Dr. Stacy Erickson-Pesetski, a professor of English and associate dean of Academic Affairs, conducts class once a week over a four-week period at Logansport Juvenile Correctional Facility. Photo provided
Dr. Stacy Erickson-Pesetski, a professor of English and associate dean of Academic Affairs, conducts class once a week over a four-week period at Logansport Juvenile Correctional Facility. Photo provided
As the end of the school year approaches, Logansport High School English teacher Chris Pearcy is preparing for a tradition: introducing his students to William Shakespeare through the play “Romeo and Juliet.”

Shakespeare is as timely as ever. “The Tragedy of Macbeth,” starring Denzel Washington in the title role, was nominated for three academy awards. HBO’s series “Station Eleven,” based on the 2014 novel by Emily St. John Mandel, follows a troupe of Shakespearean actors long after a plague leaves America post apocalyptic. And there’s Steven Speilberg’s remake of “West Side Story,” a retelling of “Romeo and Juliet.”
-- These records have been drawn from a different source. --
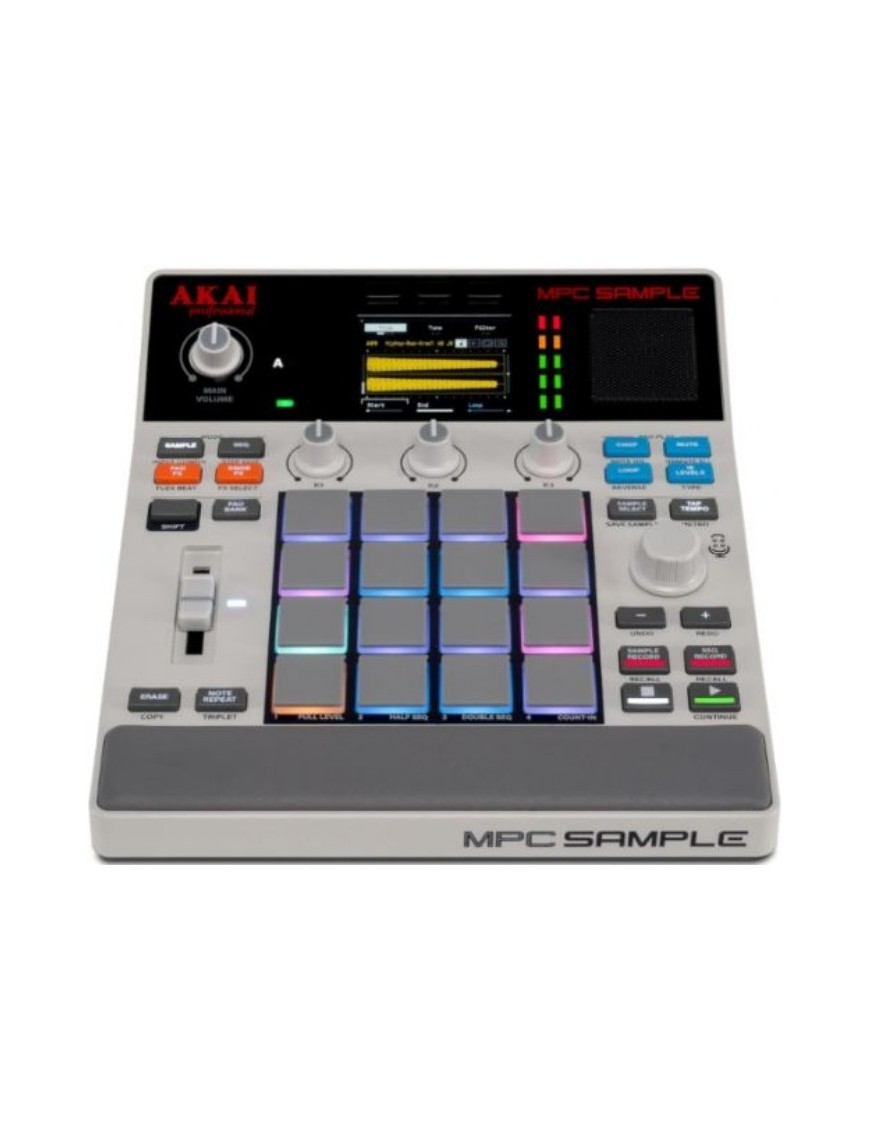 SAMPLER AKAI PROFESSIONAL MPC SAMPLE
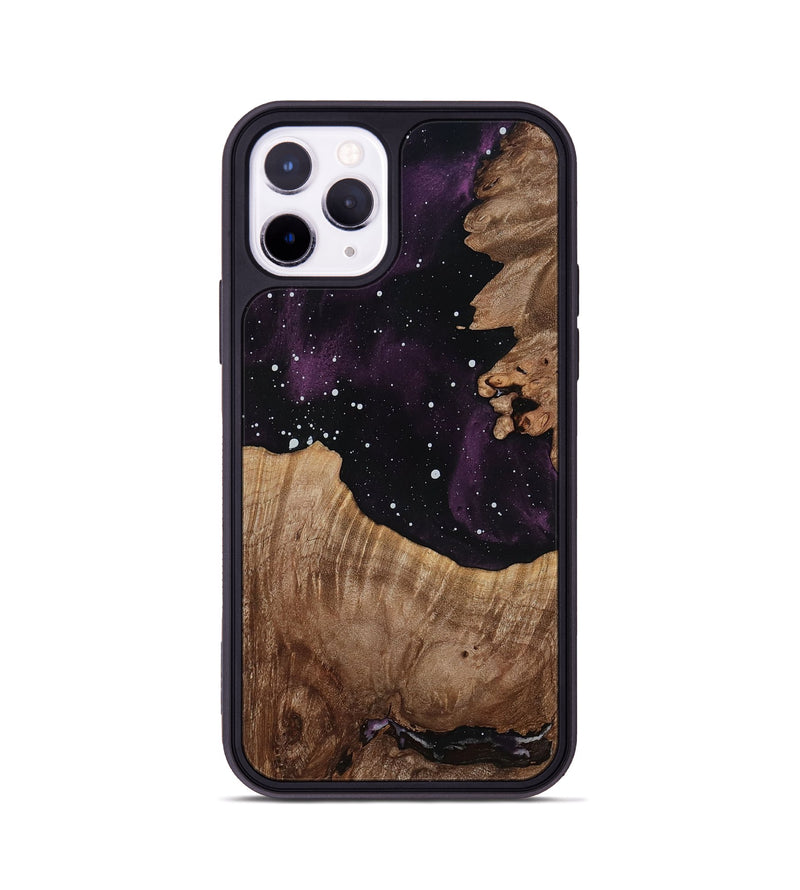 iPhone 11 Pro Wood Phone Case - Eliezer (Cosmos, 814693)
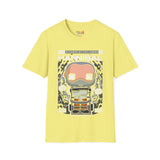 Funny T-Shirt Retro Funko Pop Style Scary Movie Lovers Gift T-Shirt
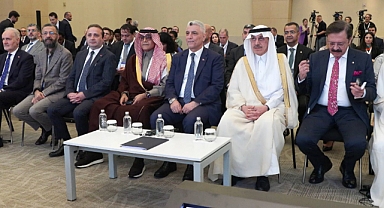 Bakan Bolat: İslam İşbirliği Teşkilatı üyesi ülkelerle ticaretimiz 77 milyar dolara ulaştı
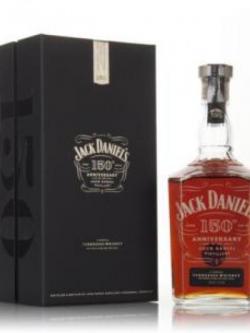 Jack Daniel's 150th Anniversary of the Distillery Special Edition
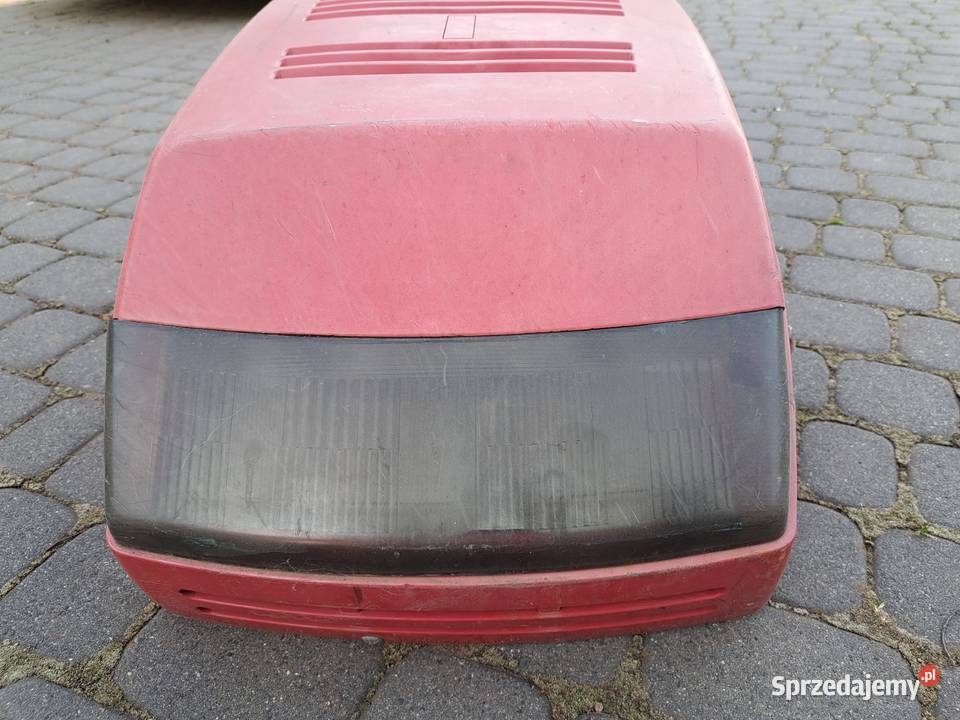 Maska Castel Garden Twin Cut Części i akcesoria małopolskie Proszowice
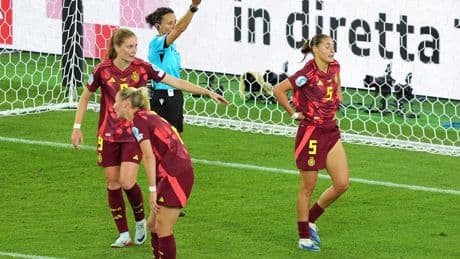 Deutschland bei der Fußball-EM: Was schiefgehen kann, geht schief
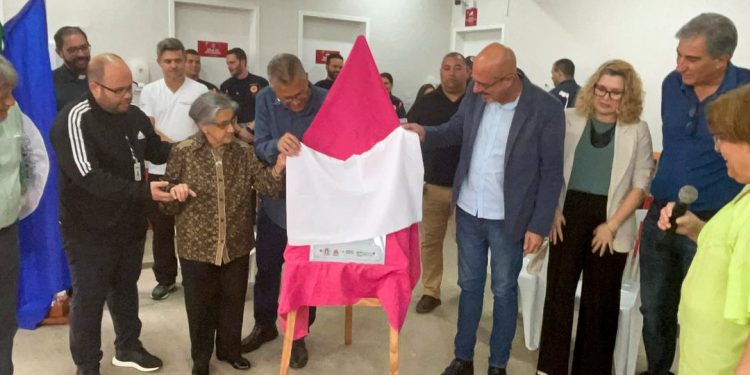 Inaugurado em Pouso Alegre Posto do Samu que leva nome do saudoso Ronald Beraldo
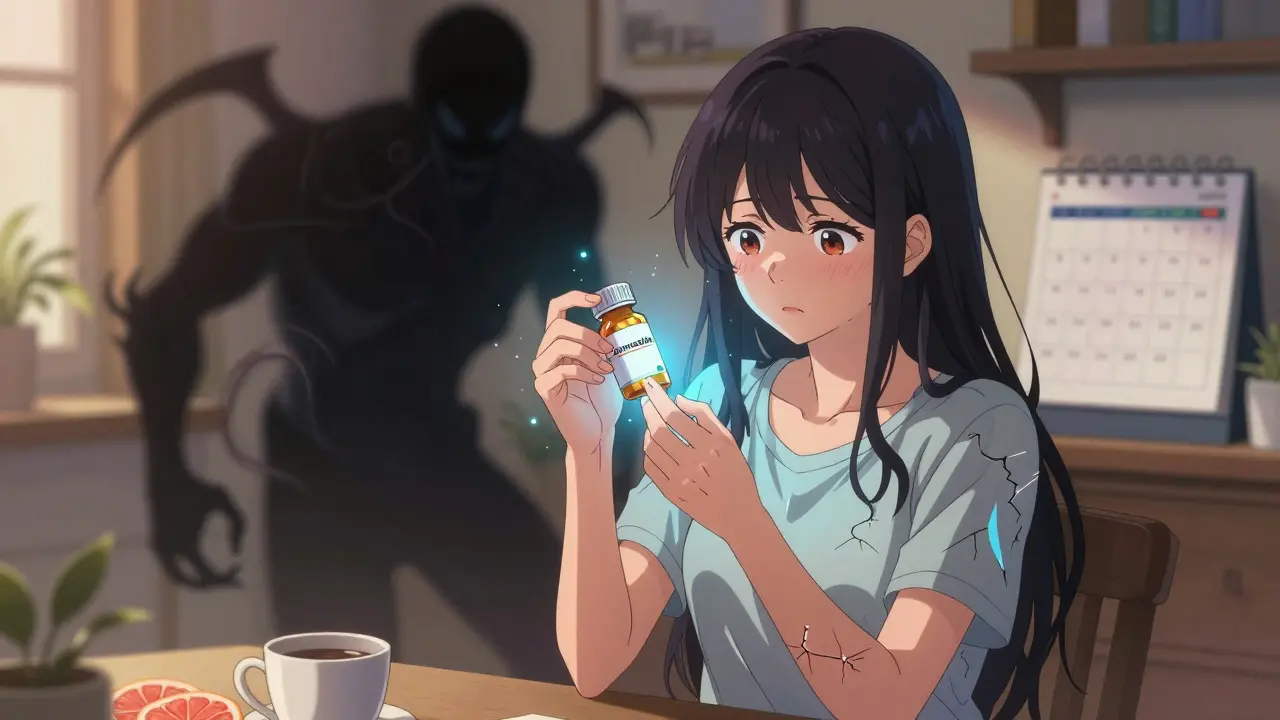 Clarithromycin und Statine: So vermeiden Sie Muskeltoxizität durch Wechselwirkungen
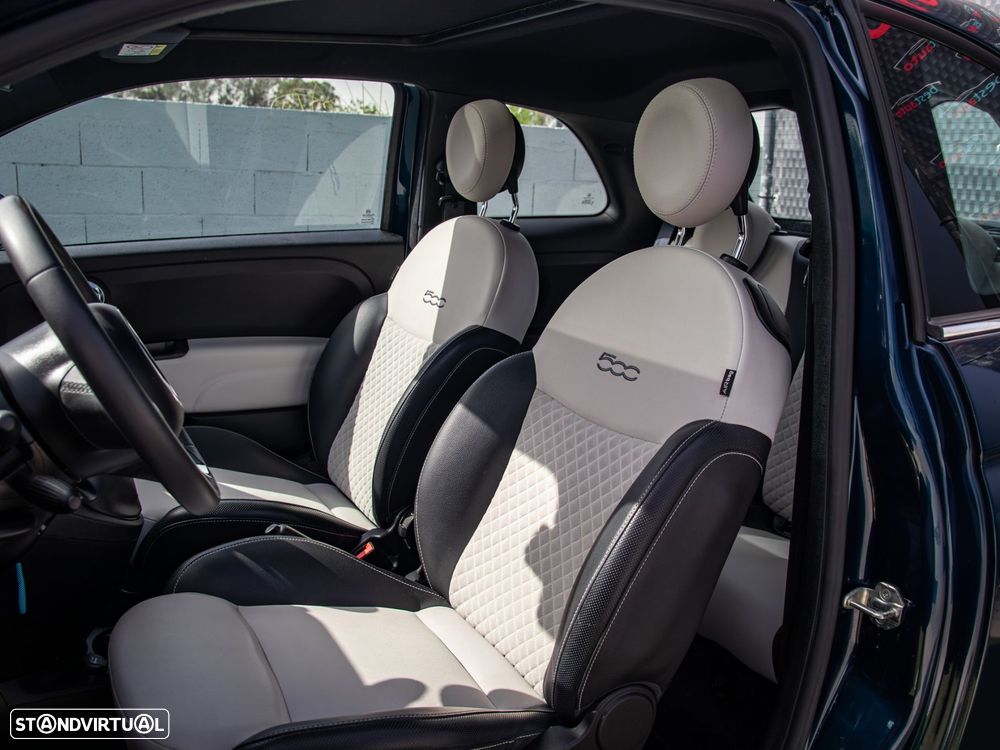 Fiat 500 1.0 Hybrid Dolcevita - 16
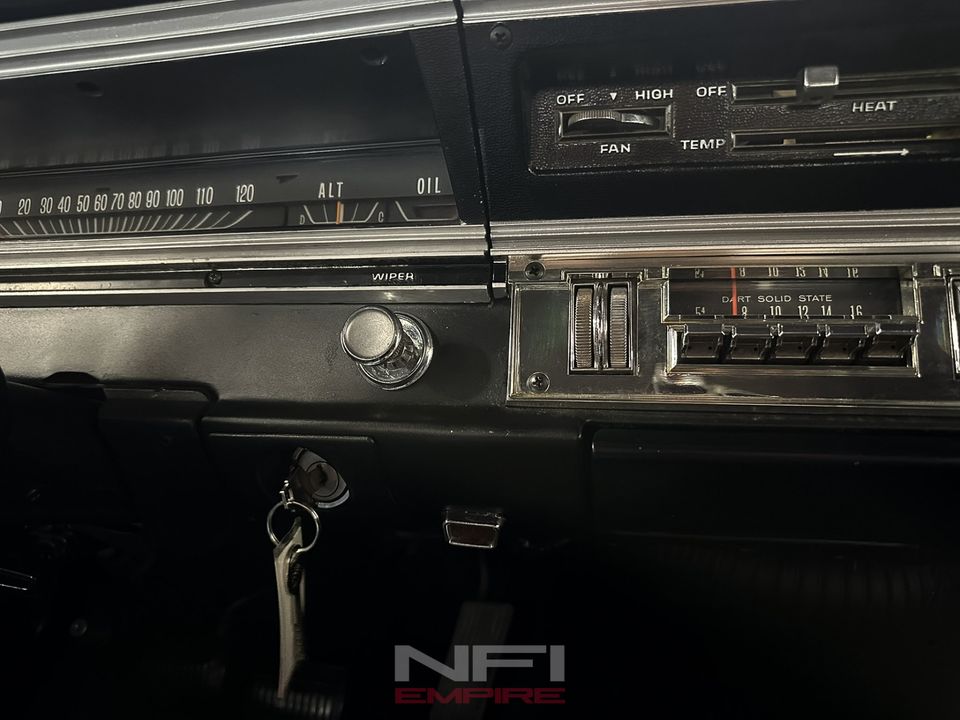 1969 Dodge Dart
Shakespeare’s birthdate is unknown but records show he was baptized on April 26, 1564. His birth is normally celebrated on April 23rd, which is also the day of his death in 1616.

Pearcy has taught “Romeo and Juliet” the past three years since moving up from middle school. Students go into the reading expecting a really old and boring play. He is happy they walk away with new opinions.

“Usually at this point freshmen don’t know that much about Shakespeare,” he said. “They know he wrote a bunch of plays and they know he writes in a weird way and sounds funny to their ears when they hear it. But they have no idea about the content. They are often surprised.”

Pearcy’s approach to teaching the bard is having his students read the “No Fear Shakespeare” version from Sparknotes. It puts the traditional text alongside a modern translation. Once they finish an act, he shows them video of a live performance from Canada’s Stratford Festival. When they complete the play they watch a modernized Broadway version starring Orlando Bloom.

Pearcy will then wrap up the lesson with a film adaptation. Last year he showed the animated “Gnomeo and Juliet.”

His colleague, Logansport English teacher April Beene, approaches Shakespeare differently depending on if it’s her freshman class or her senior AP course. She likes to make Shakespeare fun for the freshman, starting with Shakespearian insults and slowly working into the standard “Romeo and Juliet” text. She also incorporates video into the process.

For the AP class, she focuses on the relevancy of issues in the plays. This year she taught Shakespeare’s sonnets due to time issues but hopes to treat her students to “Macbeth” in future courses.

She said when students get started with Shakespeare they moan and groan but as they learn more about Shakespeare’s life and times they grow more interested. They especially love performing scenes from the plays.

“By the end they usually end up enjoying it,” she said. “With “Romeo and Juliet” they enjoy talking about whether or not it’s real love, the choices that they make or the parents’ influence. They end up pretty intrigued.”

Pearcy said “Romeo and Juliet” continues to connect with young audiences because it’s a story of intense teen love.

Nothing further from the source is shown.